Write the data out again exactly, with every picture removed.

Segment Open

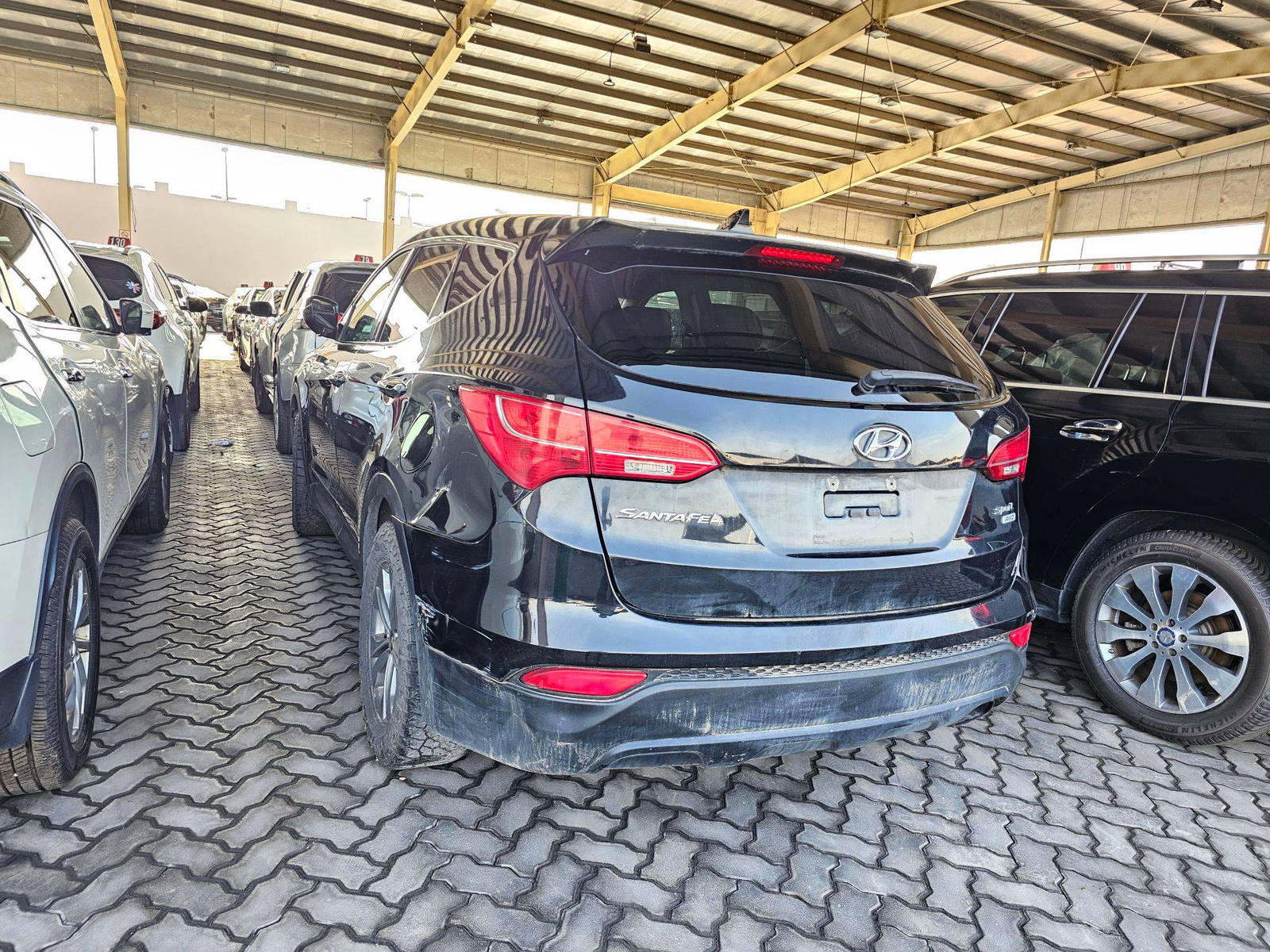2016 HYUNDAI SANTA FE SPORT — 148126 Miles — Lot GG361961 — Souq - Marhaba Auctions Used Cars - Image 3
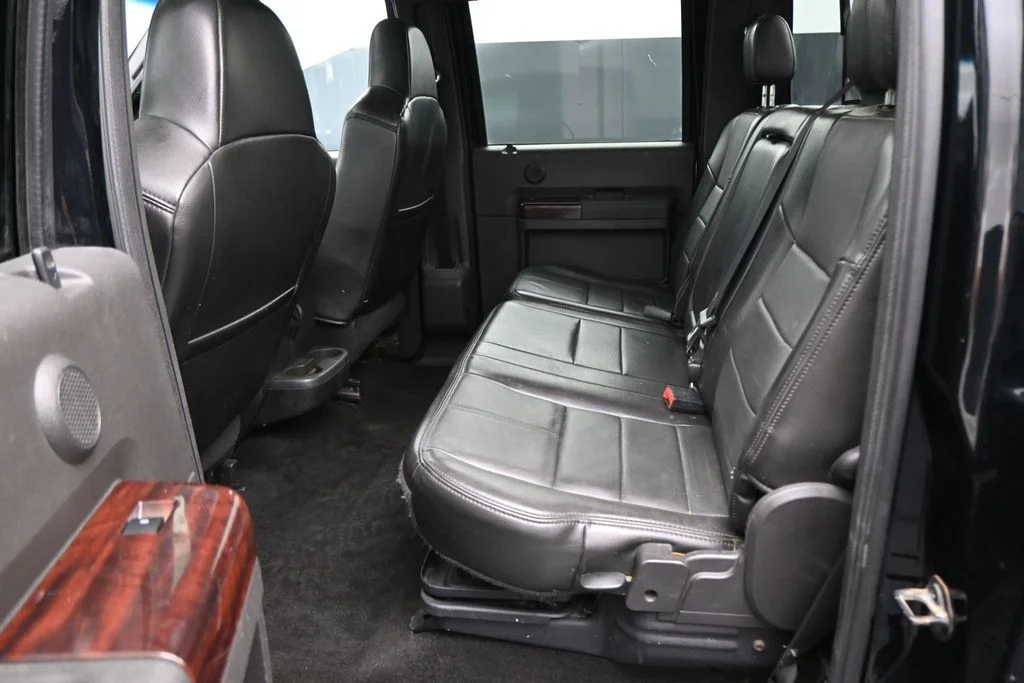 Used 2010  Ford  image 20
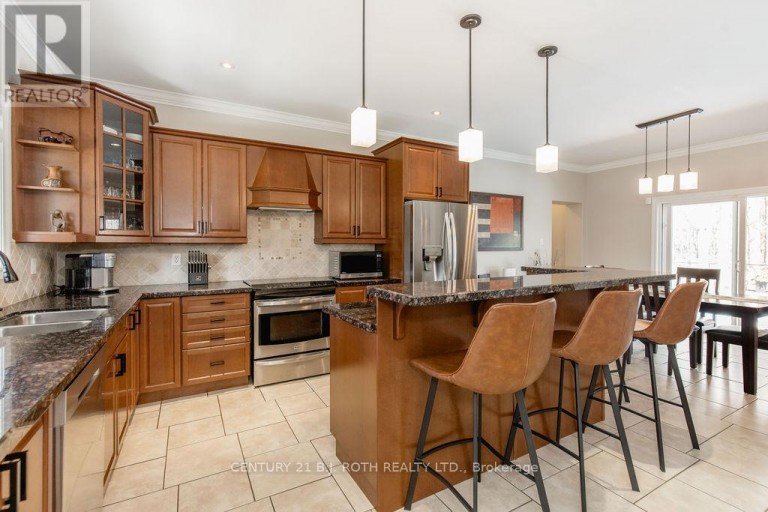 12 LLOYD COOK DRIVE E, Springwater (Snow Valley), Ontario, L0L1Y3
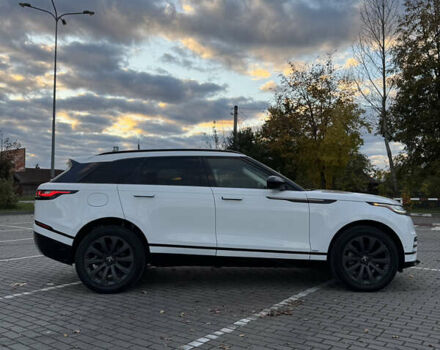 Белый Ленд Ровер Рендж Ровер Велар, объемом двигателя 2 л и пробегом 80 тыс. км за 35500 $, фото 16 на Automoto.ua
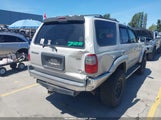 Toyota 4Runner Sr5 V6 JT3GN86RXX0104577 photo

Segment Closed

(Reply to the task)
2016 HYUNDAI SANTA FE SPORT — 148126 Miles — Lot GG361961 — Souq - Marhaba Auctions Used Cars - Image 3
 Used 2010  Ford  image 20
 12 LLOYD COOK DRIVE E, Springwater (Snow Valley), Ontario, L0L1Y3
 Белый Ленд Ровер Рендж Ровер Велар, объемом двигателя 2 л и пробегом 80 тыс. км за 35500 $, фото 16 на Automoto.ua
 Toyota 4Runner Sr5 V6 JT3GN86RXX0104577 photo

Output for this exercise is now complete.